BEGIN DATA UNDER STUDY
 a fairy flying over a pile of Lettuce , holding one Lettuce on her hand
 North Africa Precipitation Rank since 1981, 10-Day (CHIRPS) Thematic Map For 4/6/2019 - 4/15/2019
END DATA UNDER STUDY
BEGIN DATA UNDER STUDY
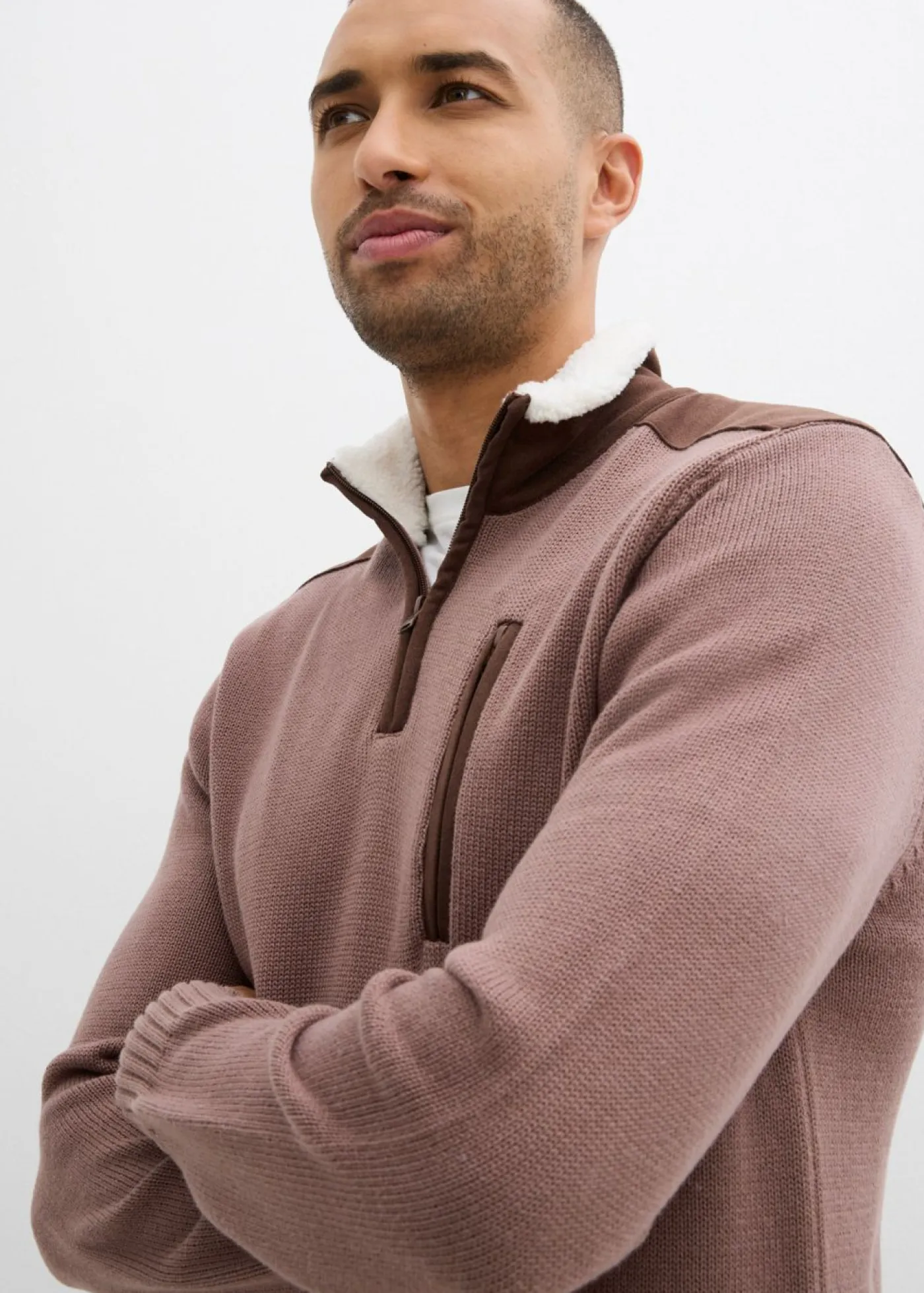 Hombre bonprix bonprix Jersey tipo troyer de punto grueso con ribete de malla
END DATA UNDER STUDY
PROBLEM DESCRIPTION
Referring to the material above, set down exactly the lines between the line with "a fairy flying" and the line with "North Africa Precipitation", inclusive, and no other lines.

RESPONSE
 a fairy flying over a pile of Lettuce , holding one Lettuce on her hand
 North Africa Precipitation Rank since 1981, 10-Day (CHIRPS) Thematic Map For 4/6/2019 - 4/15/2019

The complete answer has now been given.